Por eso se decía antaño que la diferencia entre catolicismo y
protestantismo estaba sólo en una “y” (fe y razón, Dios y hombre, Gracia y
libertad, vertical y horizontal…). Ésta sería la gran virtud de lo católico. Su
gran peligro, de ahí derivado, es que puede contribuir a que nos perdamos en
detalles ensombreciendo lo esencial cristiano y creyendo
que comulgar en la boca (por ejemplo) es más santo y más piadoso que hacerlo en
la mano. Al querer afirmarlo todo, se da el mismo valor a todo y se
difumina la tremenda radicalidad cristiana.
La reforma de Lutero buscó en realidad una concentración en eso esencial
cristiano, que luego algunos tacharon de reducción. Pero también se ha podido
tildar a algunas personas y posturas católicas de ser “muy católicas pero muy
poco cristianas”, terrible aviso que ya lanzó Fernando de los Ríos en
1933. Los
shows multitudinarios del papa Wojtila con los gritos de “totus tuus” o “santo
súbito” podrían ser tachados de muy católicos pero quizá poco
cristianos. Y en fin: no sé si cabe decir que el protestantismo es como
el canto gregoriano y el catolicismo como la polifonía barroca (y esto lo
escribe un católico admirador del gregoriano).
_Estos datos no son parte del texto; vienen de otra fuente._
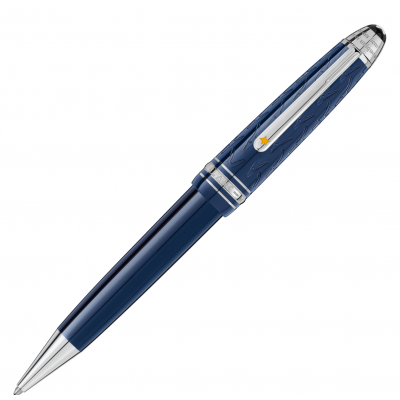 Montblanc Meisterstück 118054 Le Petit Prince, Midsize, Ballpoint Pen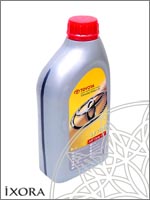 75W 1L GETRIEBEOIL LV МАСЛО ТРАНСМИССИОННОЕ, 0888581001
Todos esos entornos de vestimentas especiales (y con sastres especiales),
residencias regias, genuflexiones, apelativos de “santo padre”, viajes
especiales… son en realidad muy secundarios. Cuando se los exagera y se los
absolutiza contribuyen a crear una aureola
idolátrica en torno al sucesor de aquel pescador de Galilea, llamado
Pedro. Jesús no se sirvió de esas auras sagradas para anunciar la
paternidad de Dios y el reinado de Dios. Y con el cristianismo se ha abolido la
distinción entre lo sagrado y lo profano: porque, según Jesús, lo único sagrado
es el ser humano, que está por encima de todos los “sábados” de la historia. De
modo que, seguramente, el Maestro repetiría hoy a todo esos monseñores
preocupados, sus palabras de antaño: “deja a los muertos que entierren a sus
muertos, y ve a anunciar el reinado de la libertad de los hijos de Dios y la
fraternidad de los hermanos en Cristo” (Lc 9,60).
Así pues: ¿que Francisco está desacralizando el papado? Demos
gracias a Dios por ello, porque contribuirá a purificar la fe de los
católicos facilitando además el acercamiento de otras iglesias cristianas.
Porque, aunque sea cierto que a Dios sólo llegamos a través de mediaciones, eso
no significa que debamos sacralizarlas.